═══ DATA SUPPLIED ═══
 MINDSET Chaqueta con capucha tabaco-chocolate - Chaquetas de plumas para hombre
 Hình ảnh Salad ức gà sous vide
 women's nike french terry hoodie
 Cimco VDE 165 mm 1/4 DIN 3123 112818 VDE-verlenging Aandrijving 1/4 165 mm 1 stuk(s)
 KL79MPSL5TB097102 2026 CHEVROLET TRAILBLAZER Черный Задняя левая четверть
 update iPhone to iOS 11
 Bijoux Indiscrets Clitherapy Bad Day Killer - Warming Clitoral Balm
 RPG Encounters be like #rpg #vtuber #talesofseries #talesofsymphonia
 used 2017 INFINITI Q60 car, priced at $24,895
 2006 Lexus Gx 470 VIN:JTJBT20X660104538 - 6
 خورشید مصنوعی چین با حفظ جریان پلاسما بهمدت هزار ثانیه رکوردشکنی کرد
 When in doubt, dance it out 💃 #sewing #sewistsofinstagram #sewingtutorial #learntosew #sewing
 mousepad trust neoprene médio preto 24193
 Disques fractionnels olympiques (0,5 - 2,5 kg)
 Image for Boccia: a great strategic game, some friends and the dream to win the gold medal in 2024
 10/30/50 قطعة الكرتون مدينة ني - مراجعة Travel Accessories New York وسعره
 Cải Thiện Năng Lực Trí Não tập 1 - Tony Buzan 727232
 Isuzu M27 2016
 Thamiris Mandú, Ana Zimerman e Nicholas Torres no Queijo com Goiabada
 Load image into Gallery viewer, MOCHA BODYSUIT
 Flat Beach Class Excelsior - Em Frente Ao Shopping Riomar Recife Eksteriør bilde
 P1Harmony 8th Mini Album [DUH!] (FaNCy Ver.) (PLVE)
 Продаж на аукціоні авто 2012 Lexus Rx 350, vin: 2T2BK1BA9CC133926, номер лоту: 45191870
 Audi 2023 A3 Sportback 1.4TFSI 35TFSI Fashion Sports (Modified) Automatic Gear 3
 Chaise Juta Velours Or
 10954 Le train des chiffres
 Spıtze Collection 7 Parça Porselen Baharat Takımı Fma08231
═══
PROBLEM STATEMENT:
Every line of the data is to be retyped without alteration.

ANSWER TO THIS PROBLEM:
 MINDSET Chaqueta con capucha tabaco-chocolate - Chaquetas de plumas para hombre
 Hình ảnh Salad ức gà sous vide
 women's nike french terry hoodie
 Cimco VDE 165 mm 1/4 DIN 3123 112818 VDE-verlenging Aandrijving 1/4 165 mm 1 stuk(s)
 KL79MPSL5TB097102 2026 CHEVROLET TRAILBLAZER Черный Задняя левая четверть
 update iPhone to iOS 11
 Bijoux Indiscrets Clitherapy Bad Day Killer - Warming Clitoral Balm
 RPG Encounters be like #rpg #vtuber #talesofseries #talesofsymphonia
 used 2017 INFINITI Q60 car, priced at $24,895
 2006 Lexus Gx 470 VIN:JTJBT20X660104538 - 6
 خورشید مصنوعی چین با حفظ جریان پلاسما بهمدت هزار ثانیه رکوردشکنی کرد
 When in doubt, dance it out 💃 #sewing #sewistsofinstagram #sewingtutorial #learntosew #sewing
 mousepad trust neoprene médio preto 24193
 Disques fractionnels olympiques (0,5 - 2,5 kg)
 Image for Boccia: a great strategic game, some friends and the dream to win the gold medal in 2024
 10/30/50 قطعة الكرتون مدينة ني - مراجعة Travel Accessories New York وسعره
 Cải Thiện Năng Lực Trí Não tập 1 - Tony Buzan 727232
 Isuzu M27 2016
 Thamiris Mandú, Ana Zimerman e Nicholas Torres no Queijo com Goiabada
 Load image into Gallery viewer, MOCHA BODYSUIT
 Flat Beach Class Excelsior - Em Frente Ao Shopping Riomar Recife Eksteriør bilde
 P1Harmony 8th Mini Album [DUH!] (FaNCy Ver.) (PLVE)
 Продаж на аукціоні авто 2012 Lexus Rx 350, vin: 2T2BK1BA9CC133926, номер лоту: 45191870
 Audi 2023 A3 Sportback 1.4TFSI 35TFSI Fashion Sports (Modified) Automatic Gear 3
 Chaise Juta Velours Or
 10954 Le train des chiffres
 Spıtze Collection 7 Parça Porselen Baharat Takımı Fma08231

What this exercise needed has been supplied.